How to scale GenAI apps built on Azure AI services
Discover how to scale genAI applications built on Microsoft Azure. Learn practical strategies for managing costs, handling prompt engineering, and scaling your AI solutions in enterprise environments.R

Teams everywhere are jumping into generative AI, and many are choosing Azure AI services. Azure OpenAI, alone, has seen a 50% increase in customers over the past year, with more than half of the Fortune 500 companies using it.
Azure now offers direct access to powerful models through Azure OpenAI, alongside the new Azure AI Foundry and Azure AI content studio, giving developers a solid base for creating, testing, and growing AI applications with proper security and compliance.
What makes the Azure AI ecosystem attractive? It combines top-tier models like GPT-4 and DALL·E with features businesses actually need - data privacy, regional deployment options, and safety controls. Azure AI Foundry expands these options further, providing access to over 1,800 models, including open-source options from Meta and Mistral, plus Microsoft's own Phi models. Azure AI content safety provides the guardrails to enhance the safety of these apps.
This setup creates real opportunities for AI teams working on various projects—whether you're building copilots, automating business processes, or creating search and summarization tools. Azure provides the necessary infrastructure, model access, and enterprise integration.
Scaling with Azure AI services
As enterprises double down on generative AI, Azure OpenAI becomes the natural starting point. It gives them access to state-of-the-art models like GPT-4, coupled with the security, compliance, and identity controls they already rely on. Teams across the organization start spinning up AI-powered copilots, knowledge assistants, document processors, and more.

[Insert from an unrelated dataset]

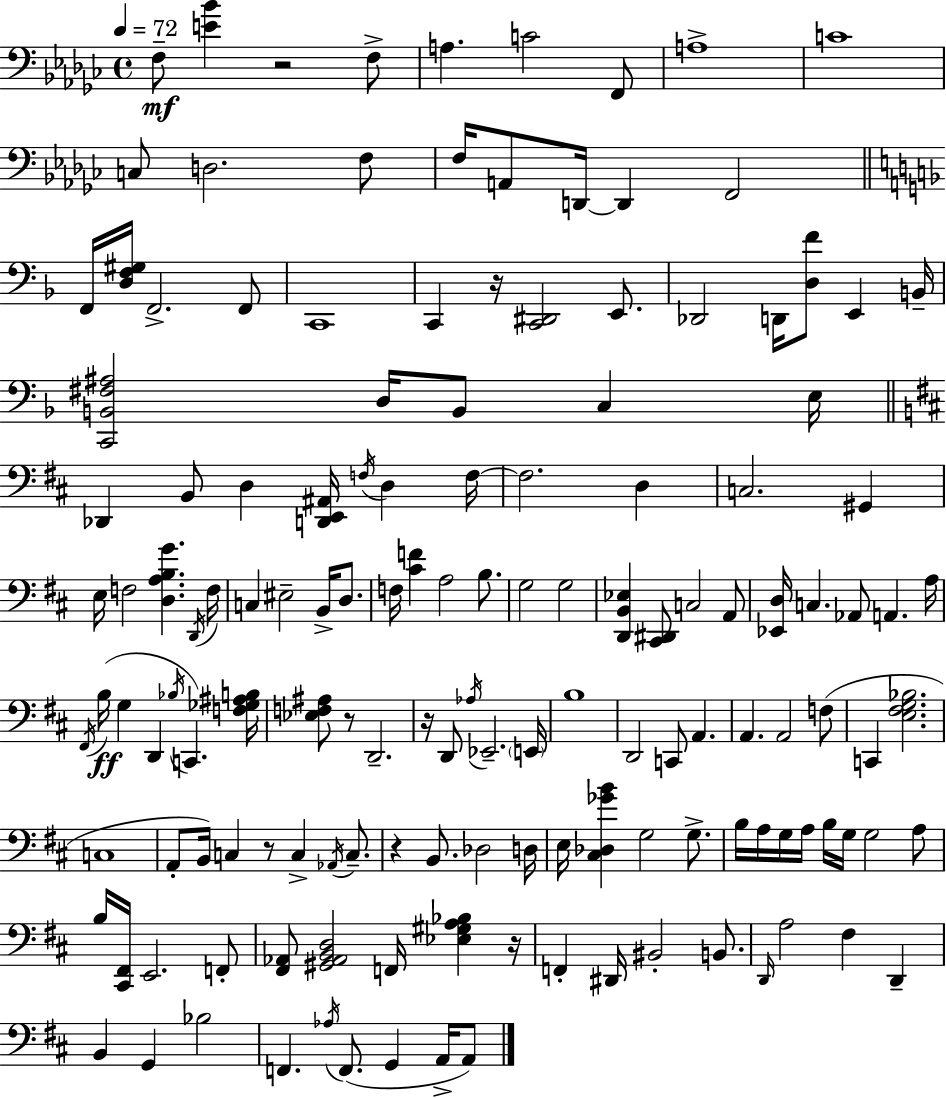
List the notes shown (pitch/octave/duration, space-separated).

F3/e [E4,Bb4]/q R/h F3/e A3/q. C4/h F2/e A3/w C4/w C3/e D3/h. F3/e F3/s A2/e D2/s D2/q F2/h F2/s [D3,F3,G#3]/s F2/h. F2/e C2/w C2/q R/s [C2,D#2]/h E2/e. Db2/h D2/s [D3,F4]/e E2/q B2/s [C2,B2,F#3,A#3]/h D3/s B2/e C3/q E3/s Db2/q B2/e D3/q [D2,E2,A#2]/s F3/s D3/q F3/s F3/h. D3/q C3/h. G#2/q E3/s F3/h [D3,A3,B3,G4]/q. D2/s F3/s C3/q EIS3/h B2/s D3/e. F3/s [C#4,F4]/q A3/h B3/e. G3/h G3/h [D2,B2,Eb3]/q [C#2,D#2]/e C3/h A2/e [Eb2,D3]/s C3/q. Ab2/e A2/q. A3/s F#2/s B3/s G3/q D2/q Bb3/s C2/q. [F3,Gb3,A#3,B3]/s [Eb3,F3,A#3]/e R/e D2/h. R/s D2/e Ab3/s Eb2/h. E2/s B3/w D2/h C2/e A2/q. A2/q. A2/h F3/e C2/q [E3,F#3,G3,Bb3]/h. C3/w A2/e B2/s C3/q R/e C3/q Ab2/s C3/e. R/q B2/e. Db3/h D3/s E3/s [C#3,Db3,Gb4,B4]/q G3/h G3/e. B3/s A3/s G3/s A3/s B3/s G3/s G3/h A3/e B3/s [C#2,F#2]/s E2/h. F2/e [F#2,Ab2]/e [G#2,Ab2,B2,D3]/h F2/s [Eb3,G#3,A3,Bb3]/q R/s F2/q D#2/s BIS2/h B2/e. D2/s A3/h F#3/q D2/q B2/q G2/q Bb3/h F2/q. Ab3/s F2/e. G2/q A2/s A2/e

What begins as one or two experiments quickly grows. Within months, there are dozens of AI initiatives in flight — each with different teams, environments, use cases, and production readiness levels. Naturally, questions arise: How much is each app costing us? Are these experiments worth continuing? Who’s responsible for which workloads?
To answer these, many companies adopt a now-common workaround: they create a separate Azure subscription for each app or team. This lets them isolate budgets, monitor usage, and impose basic access controls without stepping on each other. On paper, this works — you get clear billing lines and cleaner separation. But it comes at a cost.
With every new subscription, you also need to re-provision infrastructure: key vaults, virtual networks, deployment configurations, access policies, quota requests. Multiply this by every environment - dev, staging, prod - and soon you're duplicating setup processes and slowing your teams down. Spinning up a new use case becomes an exercise in coordination, not innovation.
In response, some teams try to consolidate, returning to a shared Azure OpenAI subscription to reduce overhead and speed up app development. This approach does streamline provisioning, but it introduces a new class of problems.
With shared infrastructure, it becomes much harder to track spending at a granular level. One app might be quietly consuming thousands of dollars' worth of tokens in the background, while another team is blocked by quota exhaustion. There's no easy way to tell who’s spending what, or to enforce limits per team or user.
Governance becomes blurry, too. Without application-level controls, it’s difficult to apply safety filters, usage policies, or rate limits tailored to individual use cases. Everyone ends up with the same level of access, regardless of their risk profile or needs. And while Azure AI Content Safety helps at the platform level, there's no out-of-the-box way to configure different guardrails for different apps or environments.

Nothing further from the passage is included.